London/Paris: Britain believes that Francois Fillon, the surprise favourite to become the next President of France, could “enhance the cause of Brexit” because he is an Anglophile who moulds himself in the image of Margaret Thatcher.

Fillon, who has a Welsh wife, surged ahead in the first round of a Republican Party contest to choose the party’s candidate for the race to become the head of state in May, forcing his former boss Nicholas Sarkozy to crash out of the race.

He has called for a “Thatcherian revolution” in France with “less state intervention” and more support for private enterprise.

If he wins the Republican nomination he will face Marine Le Pen, the leader of the anti-EU and anti-immigrant Front National.

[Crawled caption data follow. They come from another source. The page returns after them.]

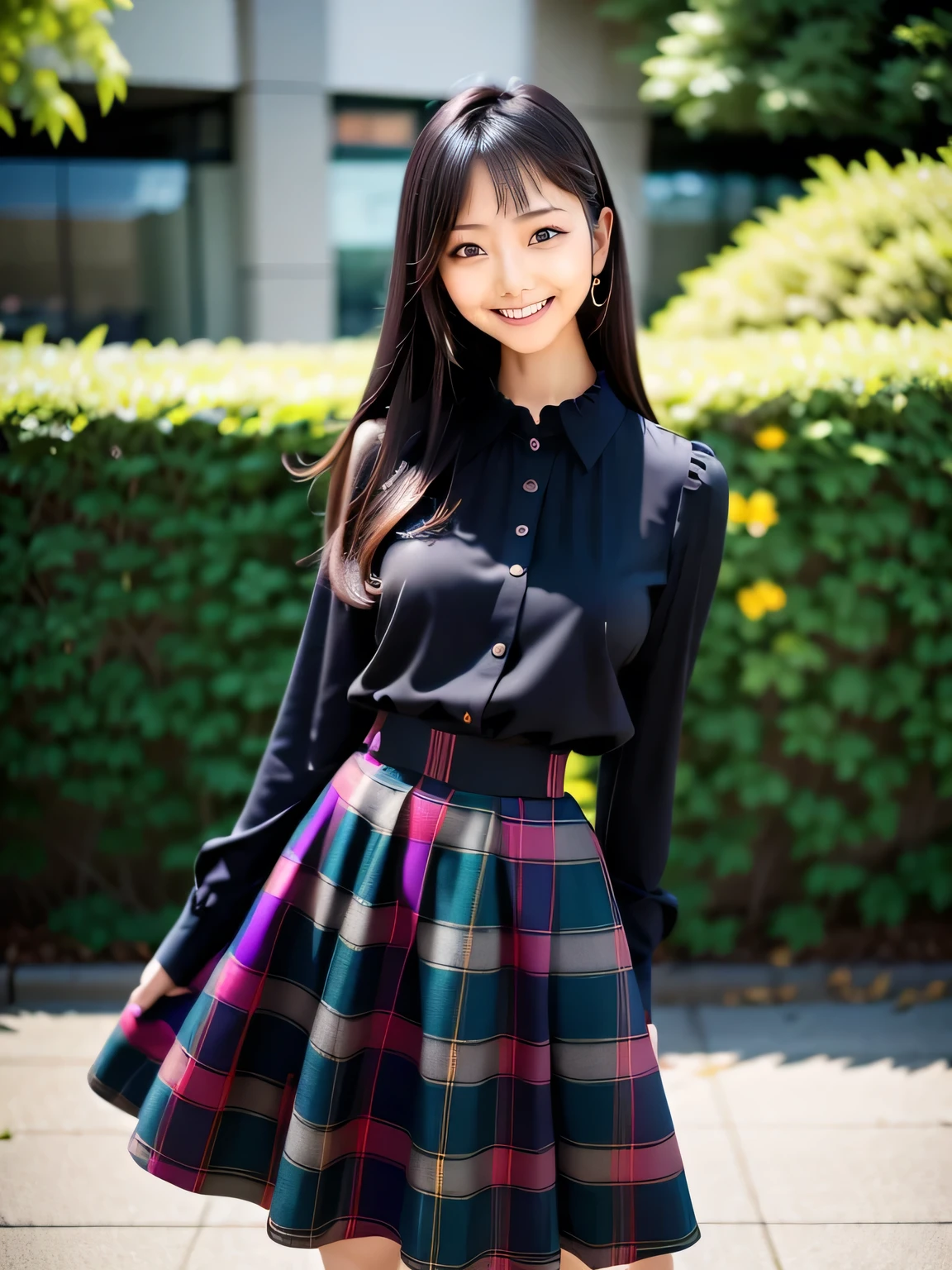 Long, straight black hair, Wearing a black blouse, Bvlgari Check Skirt, Asymmetric!!, long tartan skirt, dancing, Posing, Jumping, Face that faithfully reproduces the face of LoRA, High resolution, Very detailed, Natural Bangs
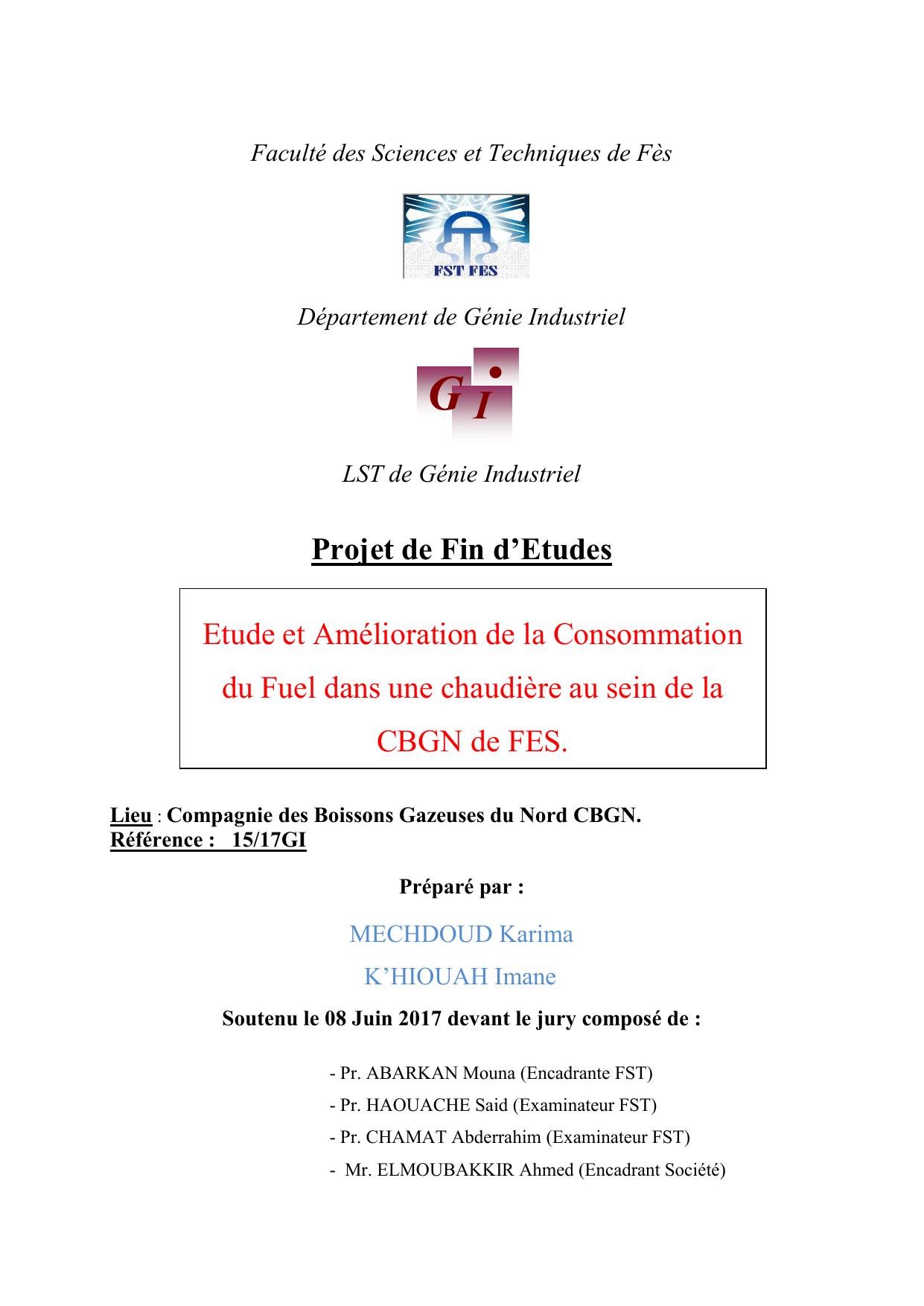 Etude et Amélioration de la Consommation du Fuel dans une chaudière au sein de la CBGN de FES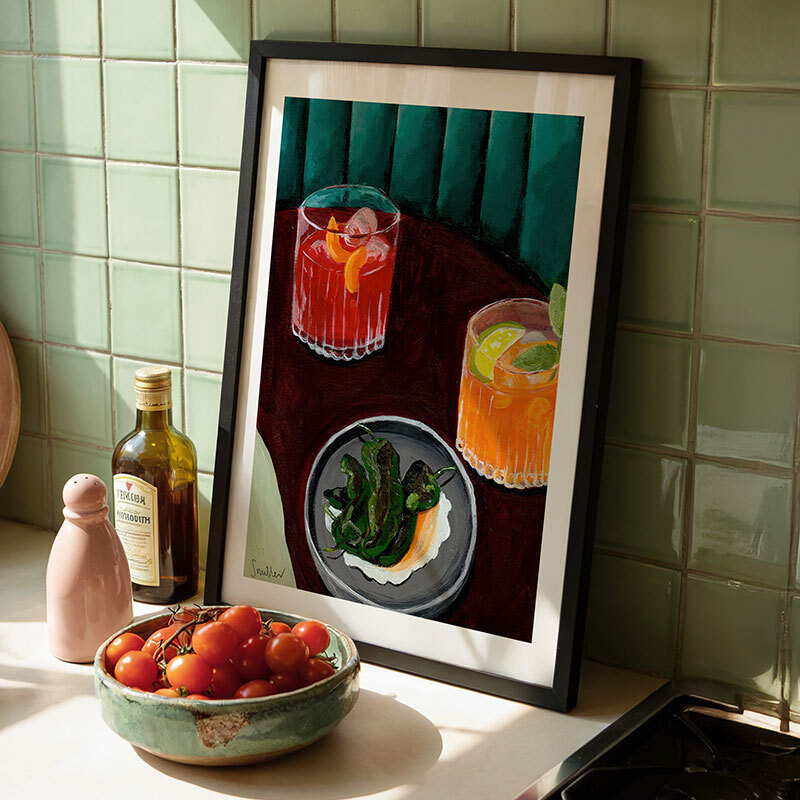 date night art print by susie miller in black frame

A Whitehall source said: “When you look at his outlook and who he is, it wouldn’t be a bad thing. He’s the complete opposite end of the spectrum to de Gaulle. He’s an Anglophile, it might enhance the causes Brexit.

“The view is that he’s a very serious contender and could win quite a significant victory. He could sweep up those on the periphery of the Le Pen support and move into the sphere where Sarkozy is.”

The Government’s optimism over the relationship comes despite the fact Fillon was strongly against the UK leaving the EU before the referendum, saying that it would be “very bad news”.

Brexit, he warned before the vote, “could fuel the populism already at work in Europe. The debate mustn’t be reduced to holding referendums or not, but should help us think about the way Europe can be reformed.” He has expressed some Euroscepticism in the past — voting against the Maastricht treaty, which laid the groundwork for the creation of the euro, and breaking ranks with his party in opposing the EU constitution, which died in 2005 when French and Dutch voters vetoed it in referendums. But in a speech to parliament in June, he made it clear that Europe must not be too conciliatory with the UK, calling for Brexit to be “calm but swift”. “The aims should be clear: the English are leaving but that doesn’t mean the English should become our adversaries. Neither hostility nor complacency,” he said. However Britain may have concerns about Mr Fillon’s support for a US alliance with Vladimir Putin, the Russian president, over Syria. Britain is strongly opposed to such an alliance amid fears it will bolster the Assad regime. On migration, Mr Fillon has accused Angela Merkel of underestimating the risks from Islamist militants with her decision to allow hundreds of thousands of migrants to enter Germany last year.